* [EXERCISE INPUT]
=-=-=-=-=
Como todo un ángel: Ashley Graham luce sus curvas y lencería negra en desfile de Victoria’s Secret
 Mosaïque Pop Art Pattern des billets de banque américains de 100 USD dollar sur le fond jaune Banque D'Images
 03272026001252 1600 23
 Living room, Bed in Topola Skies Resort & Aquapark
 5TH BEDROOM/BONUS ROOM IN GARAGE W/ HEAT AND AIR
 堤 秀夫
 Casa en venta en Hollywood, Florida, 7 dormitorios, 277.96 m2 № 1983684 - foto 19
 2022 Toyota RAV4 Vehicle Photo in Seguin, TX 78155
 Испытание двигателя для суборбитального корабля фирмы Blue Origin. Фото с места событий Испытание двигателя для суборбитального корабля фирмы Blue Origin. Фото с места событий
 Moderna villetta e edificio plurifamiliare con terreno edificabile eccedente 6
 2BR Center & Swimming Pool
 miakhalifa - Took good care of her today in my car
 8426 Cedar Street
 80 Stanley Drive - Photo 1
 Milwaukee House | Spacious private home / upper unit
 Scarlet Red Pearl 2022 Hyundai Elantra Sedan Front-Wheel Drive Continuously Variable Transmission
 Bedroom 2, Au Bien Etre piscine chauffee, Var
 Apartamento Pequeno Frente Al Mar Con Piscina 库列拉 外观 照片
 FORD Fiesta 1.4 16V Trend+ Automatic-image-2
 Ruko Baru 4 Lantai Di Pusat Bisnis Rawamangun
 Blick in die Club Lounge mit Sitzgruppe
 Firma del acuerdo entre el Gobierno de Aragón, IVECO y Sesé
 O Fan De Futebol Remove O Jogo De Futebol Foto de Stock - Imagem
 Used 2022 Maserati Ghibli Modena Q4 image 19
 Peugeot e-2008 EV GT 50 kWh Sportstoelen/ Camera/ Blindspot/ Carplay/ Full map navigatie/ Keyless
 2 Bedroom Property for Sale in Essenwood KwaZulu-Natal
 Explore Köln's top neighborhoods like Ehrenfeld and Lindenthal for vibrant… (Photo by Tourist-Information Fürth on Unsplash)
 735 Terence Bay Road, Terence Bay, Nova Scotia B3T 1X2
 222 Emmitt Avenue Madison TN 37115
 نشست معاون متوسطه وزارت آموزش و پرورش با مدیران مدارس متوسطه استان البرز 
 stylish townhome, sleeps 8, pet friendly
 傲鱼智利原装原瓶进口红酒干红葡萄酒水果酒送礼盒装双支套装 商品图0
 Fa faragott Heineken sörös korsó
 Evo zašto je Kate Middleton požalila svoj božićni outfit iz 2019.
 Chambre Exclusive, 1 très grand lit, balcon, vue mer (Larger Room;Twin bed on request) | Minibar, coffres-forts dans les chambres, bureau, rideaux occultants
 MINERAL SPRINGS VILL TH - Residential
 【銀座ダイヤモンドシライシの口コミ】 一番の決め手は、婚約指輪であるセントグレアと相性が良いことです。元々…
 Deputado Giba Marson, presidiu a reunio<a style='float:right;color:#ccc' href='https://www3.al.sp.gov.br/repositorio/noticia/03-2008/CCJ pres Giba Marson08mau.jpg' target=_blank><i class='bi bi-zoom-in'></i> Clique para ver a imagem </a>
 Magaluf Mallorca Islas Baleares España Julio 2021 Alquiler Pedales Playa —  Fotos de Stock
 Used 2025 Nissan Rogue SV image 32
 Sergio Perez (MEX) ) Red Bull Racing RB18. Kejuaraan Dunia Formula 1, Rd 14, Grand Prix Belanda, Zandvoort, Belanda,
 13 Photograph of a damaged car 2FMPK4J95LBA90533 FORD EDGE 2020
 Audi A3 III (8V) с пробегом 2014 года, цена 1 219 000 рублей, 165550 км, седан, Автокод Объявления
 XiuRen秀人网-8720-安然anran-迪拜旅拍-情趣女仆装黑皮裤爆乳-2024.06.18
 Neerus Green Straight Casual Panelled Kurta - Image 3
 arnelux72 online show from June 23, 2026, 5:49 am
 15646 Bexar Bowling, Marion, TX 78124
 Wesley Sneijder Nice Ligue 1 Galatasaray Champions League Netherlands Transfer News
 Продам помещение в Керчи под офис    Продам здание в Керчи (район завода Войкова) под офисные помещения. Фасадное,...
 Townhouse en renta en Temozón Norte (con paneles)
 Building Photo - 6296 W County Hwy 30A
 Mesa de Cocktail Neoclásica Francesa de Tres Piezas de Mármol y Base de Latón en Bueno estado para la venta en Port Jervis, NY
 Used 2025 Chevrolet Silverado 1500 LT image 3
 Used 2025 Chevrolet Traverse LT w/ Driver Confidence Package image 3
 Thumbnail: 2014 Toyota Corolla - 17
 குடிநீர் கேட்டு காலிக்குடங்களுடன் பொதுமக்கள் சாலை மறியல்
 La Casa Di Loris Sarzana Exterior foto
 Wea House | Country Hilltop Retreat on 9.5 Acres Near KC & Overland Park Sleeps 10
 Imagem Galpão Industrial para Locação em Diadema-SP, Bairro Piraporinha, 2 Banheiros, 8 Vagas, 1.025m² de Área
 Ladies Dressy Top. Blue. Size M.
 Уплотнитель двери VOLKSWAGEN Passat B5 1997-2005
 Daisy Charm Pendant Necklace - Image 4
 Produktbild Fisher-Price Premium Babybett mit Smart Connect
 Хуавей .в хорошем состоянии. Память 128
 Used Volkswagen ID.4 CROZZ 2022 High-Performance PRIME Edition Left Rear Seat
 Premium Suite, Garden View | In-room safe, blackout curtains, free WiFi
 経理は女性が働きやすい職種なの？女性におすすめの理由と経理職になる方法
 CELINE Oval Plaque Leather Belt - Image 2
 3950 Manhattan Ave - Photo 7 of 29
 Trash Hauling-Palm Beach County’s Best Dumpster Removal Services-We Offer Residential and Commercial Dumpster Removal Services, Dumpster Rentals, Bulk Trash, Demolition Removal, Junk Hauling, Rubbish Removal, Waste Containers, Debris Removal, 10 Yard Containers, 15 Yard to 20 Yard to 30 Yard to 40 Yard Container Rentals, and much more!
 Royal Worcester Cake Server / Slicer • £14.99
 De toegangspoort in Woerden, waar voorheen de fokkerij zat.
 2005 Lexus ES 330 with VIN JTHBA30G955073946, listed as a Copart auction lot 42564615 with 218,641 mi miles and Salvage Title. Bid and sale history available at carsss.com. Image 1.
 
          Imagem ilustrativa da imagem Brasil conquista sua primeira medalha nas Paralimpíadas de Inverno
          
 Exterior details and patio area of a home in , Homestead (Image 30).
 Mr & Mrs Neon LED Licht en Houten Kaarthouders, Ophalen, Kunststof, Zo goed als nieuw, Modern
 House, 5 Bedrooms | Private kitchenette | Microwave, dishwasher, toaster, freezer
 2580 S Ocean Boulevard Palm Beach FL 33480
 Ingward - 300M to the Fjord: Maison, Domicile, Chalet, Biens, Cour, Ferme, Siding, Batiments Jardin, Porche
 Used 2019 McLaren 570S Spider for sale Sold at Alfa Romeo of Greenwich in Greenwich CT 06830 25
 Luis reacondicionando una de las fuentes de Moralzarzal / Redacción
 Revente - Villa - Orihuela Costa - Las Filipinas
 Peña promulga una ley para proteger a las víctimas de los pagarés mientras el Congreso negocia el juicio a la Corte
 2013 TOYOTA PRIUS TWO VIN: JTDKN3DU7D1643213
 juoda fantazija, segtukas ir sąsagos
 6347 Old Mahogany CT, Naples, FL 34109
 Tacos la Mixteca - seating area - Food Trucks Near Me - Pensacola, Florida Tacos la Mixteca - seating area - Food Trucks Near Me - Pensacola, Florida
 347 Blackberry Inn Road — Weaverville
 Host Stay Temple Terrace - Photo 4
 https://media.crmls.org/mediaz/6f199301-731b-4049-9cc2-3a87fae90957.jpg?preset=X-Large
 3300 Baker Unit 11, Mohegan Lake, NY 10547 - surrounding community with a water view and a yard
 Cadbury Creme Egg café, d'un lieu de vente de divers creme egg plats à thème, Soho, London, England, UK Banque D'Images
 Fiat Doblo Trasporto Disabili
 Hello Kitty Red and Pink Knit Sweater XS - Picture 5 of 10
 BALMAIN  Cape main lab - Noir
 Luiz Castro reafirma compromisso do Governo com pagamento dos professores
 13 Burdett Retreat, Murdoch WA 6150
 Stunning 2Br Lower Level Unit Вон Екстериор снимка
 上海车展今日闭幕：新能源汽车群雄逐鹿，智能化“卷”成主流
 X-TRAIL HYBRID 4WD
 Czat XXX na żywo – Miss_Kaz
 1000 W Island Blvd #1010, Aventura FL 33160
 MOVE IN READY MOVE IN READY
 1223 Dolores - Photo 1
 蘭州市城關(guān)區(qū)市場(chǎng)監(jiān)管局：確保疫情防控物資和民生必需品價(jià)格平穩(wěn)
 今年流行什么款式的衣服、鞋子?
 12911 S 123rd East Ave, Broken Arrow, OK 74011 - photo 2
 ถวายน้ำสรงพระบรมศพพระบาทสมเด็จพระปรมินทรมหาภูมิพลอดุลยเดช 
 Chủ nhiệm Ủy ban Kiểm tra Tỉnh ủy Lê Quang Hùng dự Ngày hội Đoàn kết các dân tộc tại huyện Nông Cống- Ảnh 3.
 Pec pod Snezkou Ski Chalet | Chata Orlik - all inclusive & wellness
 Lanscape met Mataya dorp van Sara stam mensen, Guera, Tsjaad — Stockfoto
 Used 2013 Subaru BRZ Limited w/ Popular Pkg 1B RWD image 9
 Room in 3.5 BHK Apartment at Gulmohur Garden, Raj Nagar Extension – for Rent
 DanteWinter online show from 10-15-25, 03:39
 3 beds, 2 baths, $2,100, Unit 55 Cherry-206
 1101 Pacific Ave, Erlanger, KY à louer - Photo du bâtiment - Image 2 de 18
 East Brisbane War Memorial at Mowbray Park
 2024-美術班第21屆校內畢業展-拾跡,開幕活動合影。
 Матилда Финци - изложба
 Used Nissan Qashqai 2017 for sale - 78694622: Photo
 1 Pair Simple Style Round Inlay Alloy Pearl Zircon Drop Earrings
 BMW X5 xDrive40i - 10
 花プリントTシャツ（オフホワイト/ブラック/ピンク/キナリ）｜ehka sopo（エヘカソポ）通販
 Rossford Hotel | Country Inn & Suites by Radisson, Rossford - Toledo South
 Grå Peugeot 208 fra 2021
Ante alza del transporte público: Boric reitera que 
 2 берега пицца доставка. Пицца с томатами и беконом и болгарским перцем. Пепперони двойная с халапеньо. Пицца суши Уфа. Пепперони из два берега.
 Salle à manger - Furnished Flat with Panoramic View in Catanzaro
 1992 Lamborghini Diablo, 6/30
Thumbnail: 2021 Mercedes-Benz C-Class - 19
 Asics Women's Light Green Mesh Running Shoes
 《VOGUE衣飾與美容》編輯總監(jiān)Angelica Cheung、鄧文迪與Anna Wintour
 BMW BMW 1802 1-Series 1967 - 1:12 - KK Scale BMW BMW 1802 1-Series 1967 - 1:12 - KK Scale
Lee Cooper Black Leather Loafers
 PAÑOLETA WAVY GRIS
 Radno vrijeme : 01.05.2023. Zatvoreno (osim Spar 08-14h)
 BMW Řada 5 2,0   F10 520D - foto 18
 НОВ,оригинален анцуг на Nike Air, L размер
=-=-=-=-=
* [INSTRUCTIONS TO FOLLOW]
Copy every line of the material above in which the string "Exterior" can be found.

* [FINISHED TASK]
 La Casa Di Loris Sarzana Exterior foto
 Exterior details and patio area of a home in , Homestead (Image 30).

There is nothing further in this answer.